For 8th-graders with disabilities and English-language learners, the picture was gloomier: Neither group saw any growth between 2009 and 2011. Last year, the average score for 8th-graders with disabilities was 124, and for ELLs, it was 106—that is farther below basic science competency than “basic” is below the NAEP cutoff for proficiency.
“We would like to see more students in the proficient and advanced levels,” Cornelia Orr, the executive director of the National Assessment Governing Board, the independent board that sets policy for NAEP, said in the briefing on Tuesday. “I think there is still a lot of work to be done, but it’s good to see the needle moving in the right direction.”
She noted that Hispanic students, for example, have shown improvement in other NAEP tests, such as mathematics and reading, which could suggest achievement gaps are narrowing all around for that population group.
This 2011 administration was the first time all 50 states, the District of Columbia, and the schools administered by the Department of Defense Education Activity took part in the science NAEP.
In the states “where there has been change, it has been uniformly good news,” said Mr. Buckley, the NCES commissioner. Average scores increased from 2009 to last year for 16 states — Arkansas, Colorado, Georgia, Hawaii, Maine, Maryland, Michigan, Mississippi, Nevada, North Carolina, Rhode Island, South Carolina, Utah, Virginia, West Virginia, and Wyoming — and no state saw its average score decrease.
The NAEP results come on the eve of the release of a draft set of voluntary state science standards, developed by 26 states based on a framework set out by the National Research Council last summer.
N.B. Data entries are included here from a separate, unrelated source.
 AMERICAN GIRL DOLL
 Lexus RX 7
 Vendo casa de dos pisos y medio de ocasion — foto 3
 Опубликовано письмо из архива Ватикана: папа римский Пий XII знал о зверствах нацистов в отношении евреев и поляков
A study released in December by Change the Equation, a Washington-based science education coalition, concluded that state science standards were “all over the map,” and that 15 states had set their proficiency standards at a level of rigor found to be below NAEP’s cutoff for basic science knowledge.
The national assessment itself beefed up the rigor of its science content for the 2009 administration of NAEP. It now asks students to identify and use science principles, and to use scientific inquiry and technological design.
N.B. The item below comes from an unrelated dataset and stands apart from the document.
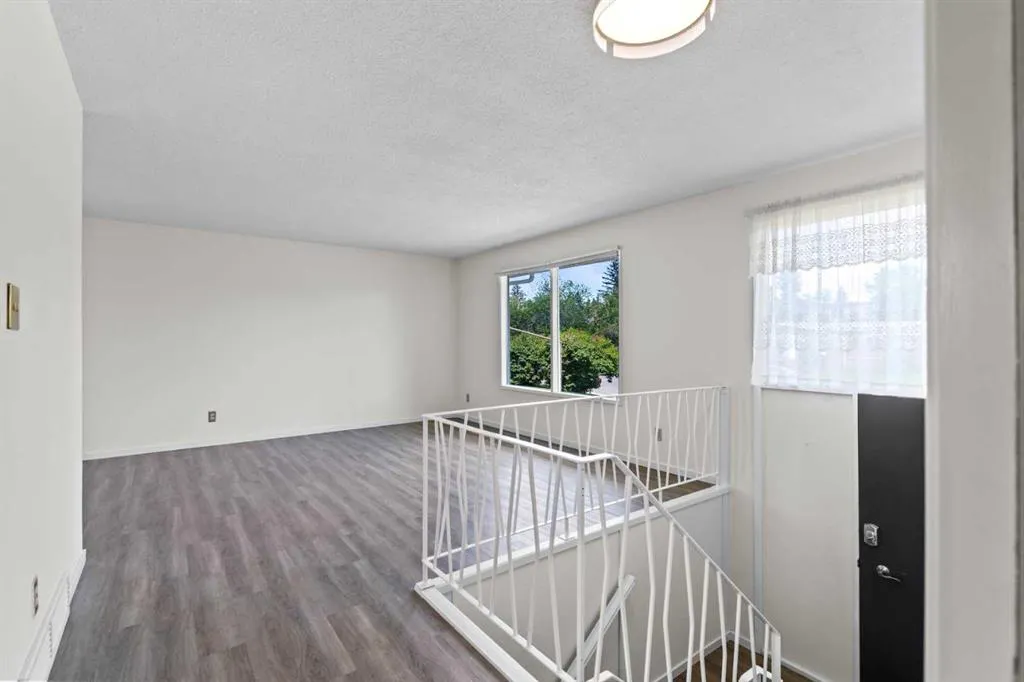 18 Harmon Place SW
An analysis of characteristics of schools participating in the 2011 NAEP shows that students who did hands-on science activities at least once a week in class scored 5 to 14 points higher than those who did fewer hands-on experiments.
“For me, a teacher, the more important aspect of these data is how students are engaged in doing hands-on activities in class,” said Hector Ibarra, a member of the NAEP governing board and a middle school science teacher at the Belin-Blank International Center for Gifted Education and Talent Development, located at the University of Iowa in Iowa City.
“There are many ways students can be exposed to science; some are more effective than others,” he said. “The question we need to ask is, ‘Are we creating a learning environment that truly challenges students’ skills and boosts achievement?’ ”
Results of a separate NAEP science test of students’ skills in hands-on experiments and computer-based simulations will be released next month, Mr. Buckley said.
“We’re very, very interested in tasks that look more like real science,” he said.
The national assessment typically tests science in grades 4, 8, and 12 every four years, but the off-year testing is part of a study linking NAEP to the Trends in International Mathematics and Science Study, or TIMSS, which tested 8th grade students in 48 countries. The National Center for Education Statistics plans to use the linkage study to give individual states international comparisons to accompany future NAEP scores.
The TIMSS results and the findings from the alignment project will be released in December, and NAEP and TIMSS for science will be administered on the same cycle from now on.
“It will be an interesting comparison, and maybe it will be a wake-up call, but we’ve had these wake-up calls before, and nobody’s really doing anything about science education,” Mr. Wheeler of the science teachers’ association said. “If we don’t do anything different, we shouldn’t expect different results.”